En 2014 y 2015, con cerca de 140 mil personas todavía dispersas en 243 campos, la inversión internacional no apunta a la construcción de vivienda, sino a los proyectos hoteleros y a la expropiación y privatización de las costas e islas haitianas, como en el caso de la Île à Vache. Este pequeño paraíso del suroeste se ha vuelto el objetivo de empresarios estadunidenses y dominicanos, entre otros.

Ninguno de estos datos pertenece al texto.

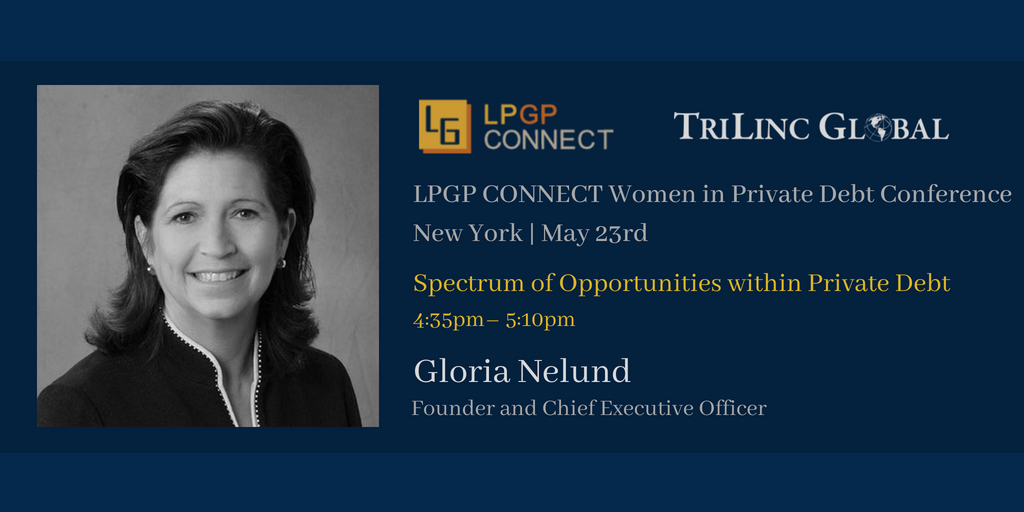 Today <a href="/TriLinc/">TriLinc Global, LLC</a> CEO <a href="/Gnelund/">Gloria Nelund</a> will be on the Spectrum of Opportunities within #PrivateDebt panel at the <a href="/LPGPConnect/">LPGP Connect</a> Women in Private Debt Conference! Starts at 4:35pm, moderated by Kristen Campana of <a href="/proskauer/">Proskauer Rose LLP</a>. #ImpInv #ESG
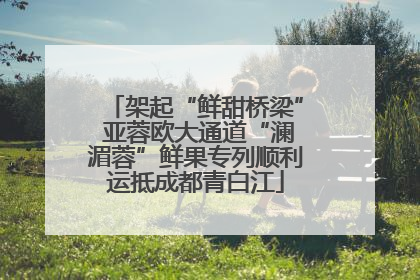 架起“鲜甜桥梁” 亚蓉欧大通道“澜湄蓉”鲜果专列顺利运抵成都青白江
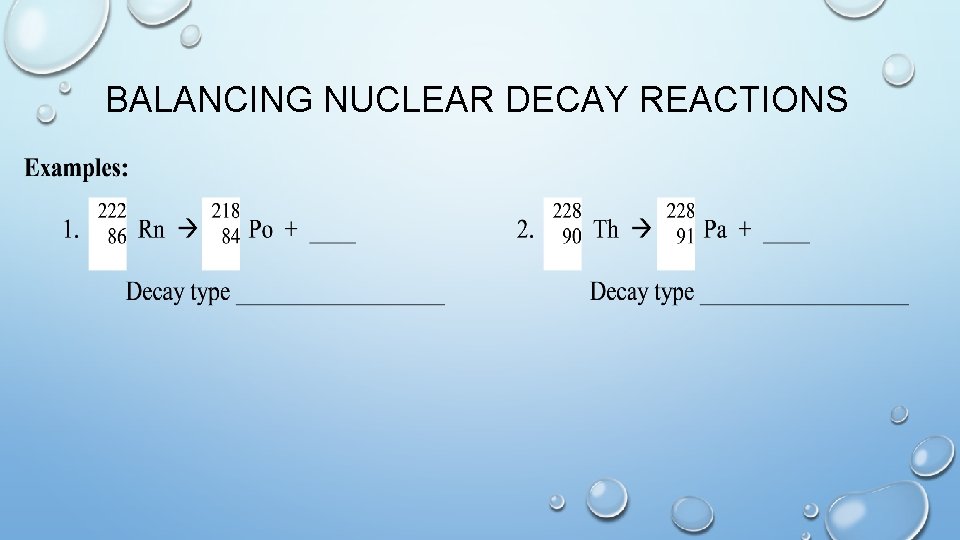BALANCING NUCLEAR DECAY REACTIONS 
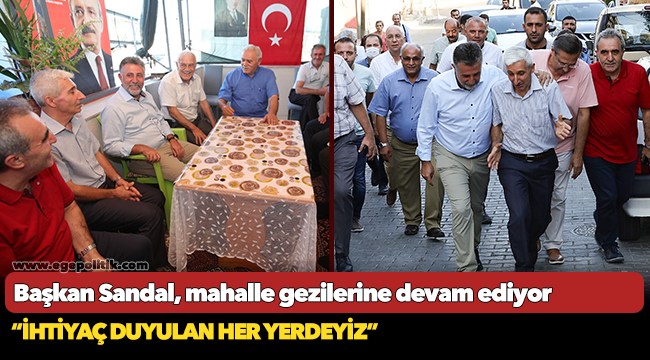 Başkan Sandal, mahalle gezilerine devam ediyor: “İhtiyaç duyulan her yerdeyiz”
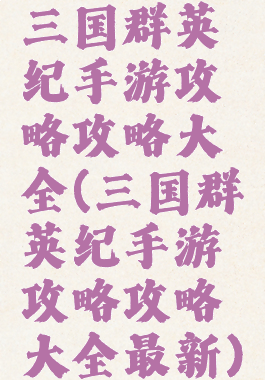 三国群英纪手游攻略攻略大全(三国群英纪手游攻略攻略大全最新)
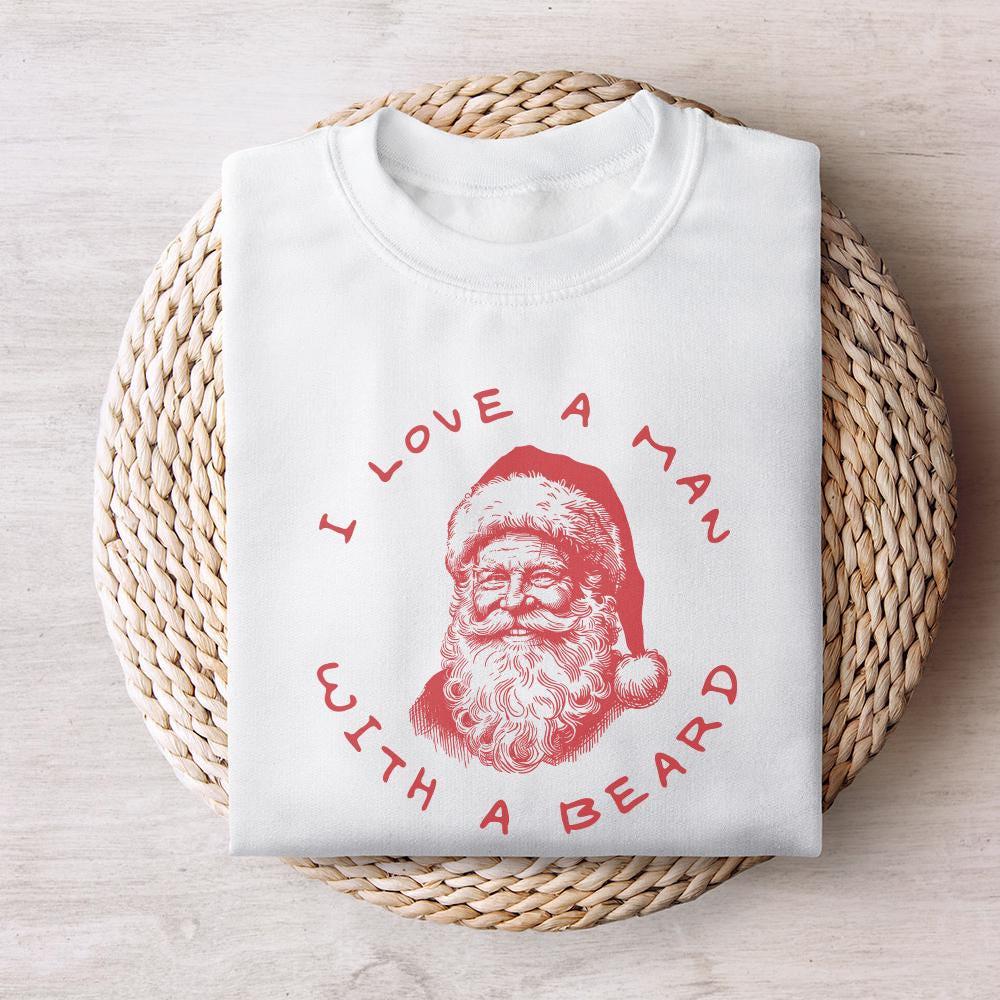 I Love A Man With A Beard PNG, Christmas PNG - 300 DPI Design for T-Shirt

El Colectivo de Campesinos de Île-à-Vache (kopi), fundado en 2013, lucha para defender a los pobladores de la emigración forzada, de la expulsión de sus propias tierras y de la crisis alimentaria y ambiental que los nuevos megaproyectos turísticos están acarreando: deforestación, reducción de los cultivos y 20 mil habitantes alejados por la fuerza policiaca de las “brigadas motorizadas”, a cambio de la promesa de dos mil empleos, auspiciados por los operadores turísticos en la región, y mil 500 residencias que ocuparán enteramente las costas.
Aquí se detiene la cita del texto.